Mon fardeau à moi, c'était eux.

Noël n'était pas encore passé, que je n'en pouvais déjà plus. Malheureusement, deux petites semaines s'étaient écoulées depuis le début de l'année scolaire. Ce n'était que le début. Chaque journée était affreusement longue. J'avais l'impression que le temps se suspendait quand il ne marchait pas au ralenti et que les seuls moments où je pouvais me réjouir de ne pas les voir, passaient à une vitesse folle !

Il m'arrive souvent de repenser à cette époque. Je me surprends même, aussi fou que cela puisse être, de vouloir y retourner. Ne serait-ce à ce moment-là, à cette seconde près où une voix s'élevait du silence :

— Ca va ?

Je relevais doucement la tête. Devant moi se tenait un garçon qui se présentait avec la main tendue. J'observais longuement ses doigts fins, incapable de prononcer le moindre mot. Un élan soudain me prit, pendant lequel je me pressais pour réunir mes affaires.

— Laisse moi t'aider, ajouta t-il.

Toujours occupé à regrouper les feuilles volantes qui s'étaient échappées de l'un de mes classeurs, je ne le vis pas s'agenouiller mais je sentais qu'il me regardait. Je me relevais avec précipitation en lui adressant un coup d'oeil.

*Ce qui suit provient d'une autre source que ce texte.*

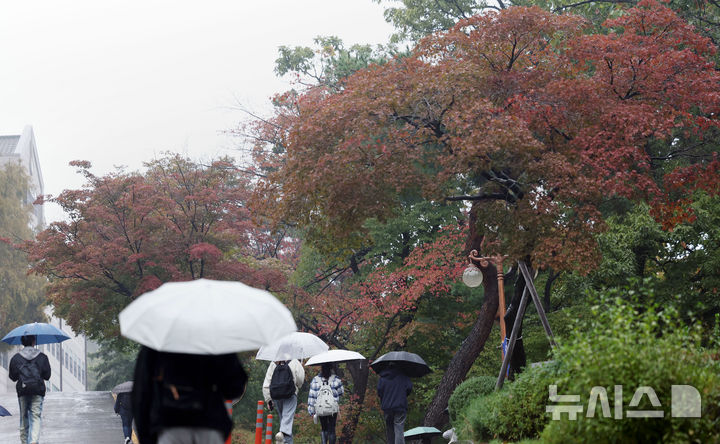 [서울=뉴시스] 홍효식 기자 = 가을비가 내리는 지난 22일 서울 서대문구 연세대학교에서 학생들이 우산을 쓰고 발걸음을 재촉하고 있다. 해당 사진은 기사 내용과 무관합니다. 2024.10.23. yesphoto@newsis.com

— Qui es-tu ? ai-je demandé.

Son sourire s'élargissait à m'en faire froncer les sourcils, embarrassé.

— Je m'appelle Lucas. Je suis dans ta classe, depuis...aujourd'hui.

— Je ne vois pas qui tu es, signalais-je.

Face à son air - que je ne saurais décrire, j'ignorais si j'étais plus en colère ou plus abasourdi. Cependant, ce fameux Lucas avait raison. J'avais beau réfléchir, je ne me rappelais pas l'avoir vu, ni même entendu un professeur lors de l'appel, souligner sa présence. L'arrivée d'un nouvel élève ne passait généralement pas inaperçue et pourtant... Sans doute, avais-je l'esprit ailleurs, tapis dans mon monde imaginaire.

Il y avait de quoi me sentir idiot et pour rattraper le coup, je me présentais alors :

— Maël

— Je sais.

Décidément cette rencontre était loufoque, mais j'eu l'impression que Lucas ne m'en voulait pas d'être si tête à l'air. Je le soupçonnais même de s'amuser de la situation, sans toutefois, porter le moindre préjugé à mon égard.